The Applicant was declared a military target by Colombian forces in the early 2000s and sought protection at the Canadian Embassy in Bogota.
In August 2005, Canada accepted the Applicant and his family for resettlement to Canada under the Source Country Class stream. They landed in Canada as permanent residents (“PR”) in November 2005 and the Officer returned their Colombian passports to them.
In February 2009, the Applicant travelled to Colombia on his Colombian passport to visit his ill mother, but he remained in Colombia for six years and did not return to Canada during this time. He did, however, apply for a new Colombian passport and travelled to Panama for business in June 2013.
Upon his return from Panama, his mother informed him that an offshoot of the Colombian forces (who killed his brother earlier that year) contacted her. The Applicant believed he was no longer safe and inquired with the Canadian Embassy about returning to Canada.

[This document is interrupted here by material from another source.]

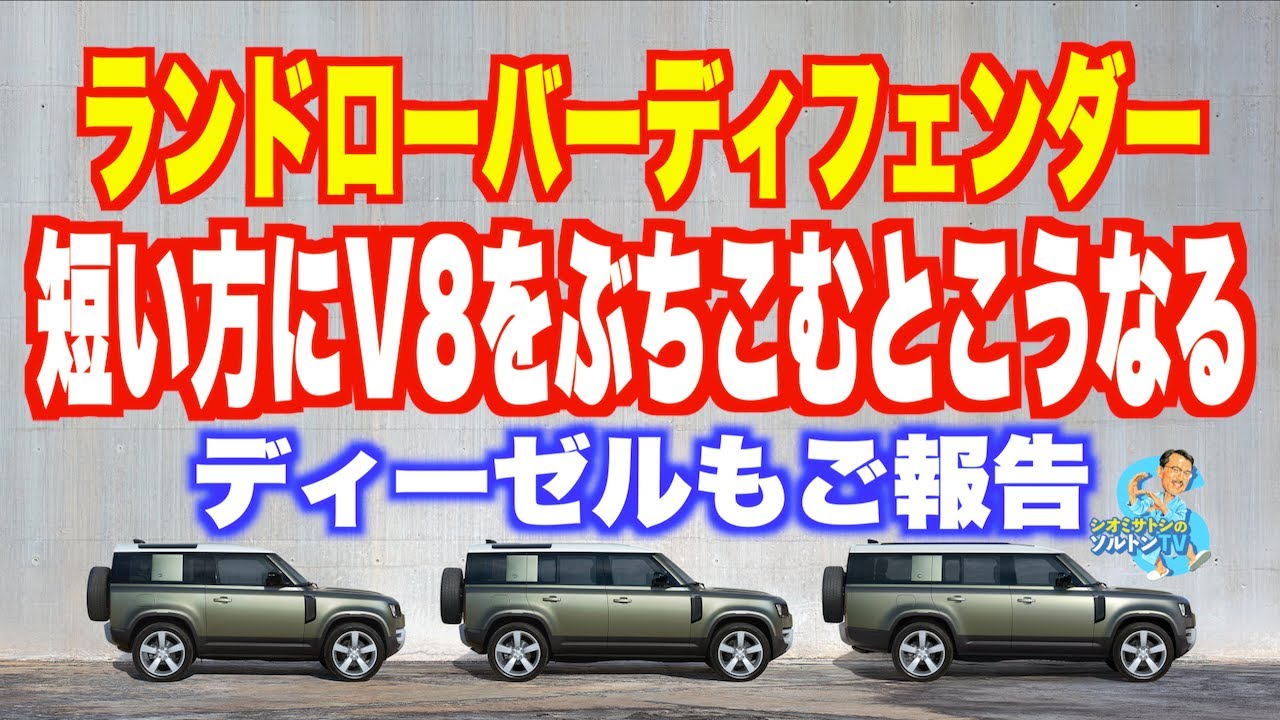 V8ガソリンと直6ディーゼルをディフェンダーの短いほうの90に搭載するとこんな感じ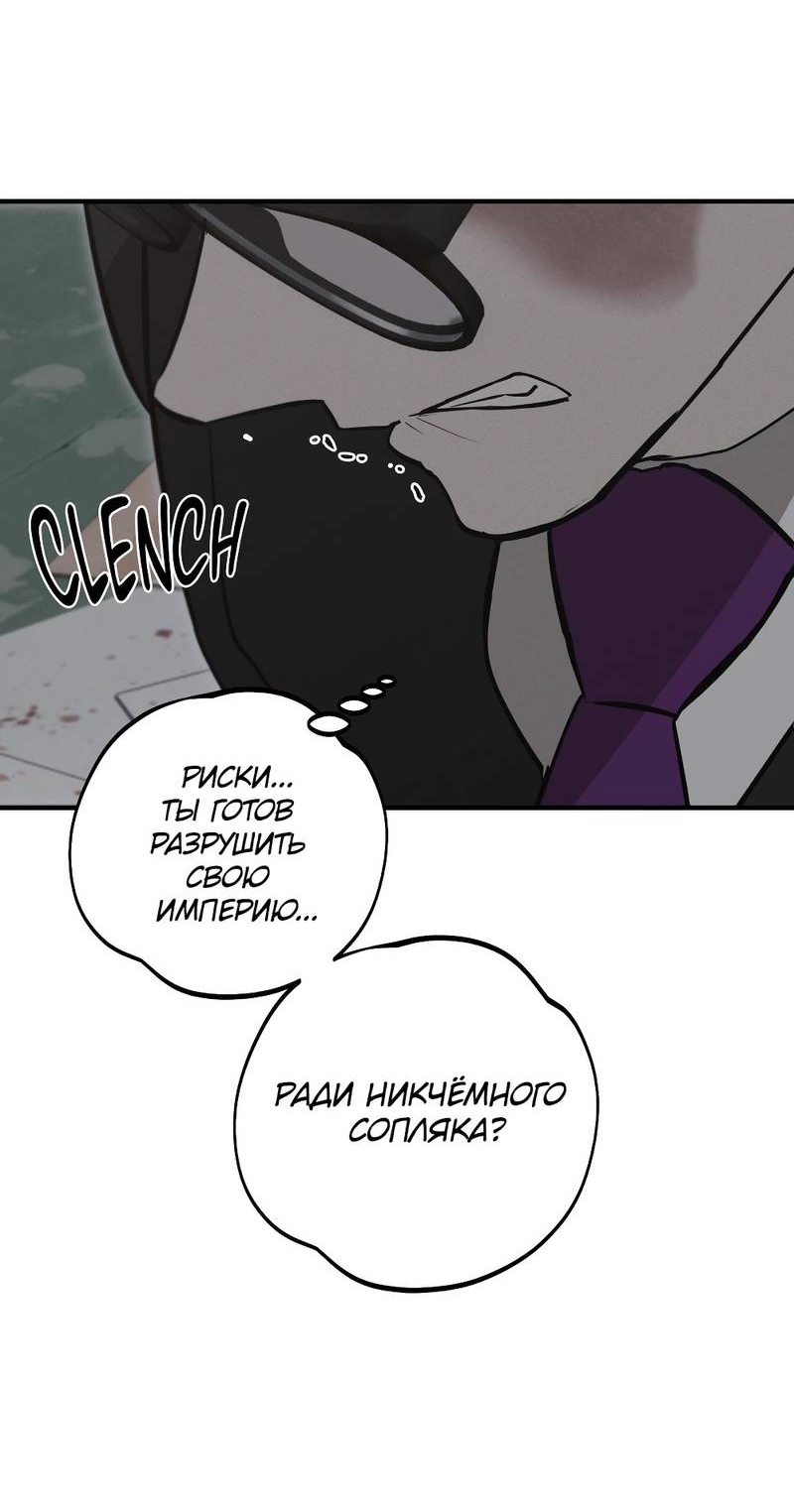 Манга Порок Риски - Глава 43 Страница 29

He was advised to apply for a PR travel document (“PRTD”), despite the expiry of his PR card.
In March 2014, the Applicant applied for a PRTD. The application was refused for failing to comply with his residency obligations.
In April 2015, the Applicant travelled to the U.S. and presented himself at the Canadian border, claiming refugee protection, which was refused on the basis of ineligibility as he had previously been granted protected status.
In May 2015, the Refugee Protection Division (“RPD”) notified the Applicant that his refugee claim had been terminated. In June 2021, the Minister applied under s. 108 of the IRPA to cease the Applicant’s protected status on the grounds of voluntary re-availment and voluntary re-establishment.
His cessation hearing was held in January 2023, at which the Applicant testified. The Minister and the Applicant later provided written submissions. The Applicant argued that he did not possess the requisite intent to re-avail himself of Colombia’s protection and that he was unaware of the consequences of staying in Colombia. The Respondent argued that RPD’s re-establishment conclusion was reasonable on the evidence.
In May 2023, the RPD allowed the Minister’s application, first on s. 108(1)(d) and then under s. 108(1)(a).
Justice Little found the RPD’s findings and conclusion under s. 108(1)(d) reasonable as the RPD addressed intention and the Applicant’s testimony on this issue.
Regarding s. 108(1)(a), Justice Little agreed with the Applicant that there was a higher duty on the RPD to explain its decision following the Federal Court of Appeal’s decision in Galindo Camayo (para 21). Still, while it might have been preferable for the RPD’s analysis of the Applicant’s intention to re-avail to mention the Applicant’s position and evidence on subjective intent, and to more clearly distinguish voluntariness and intention, the RPD did not make any reviewable error.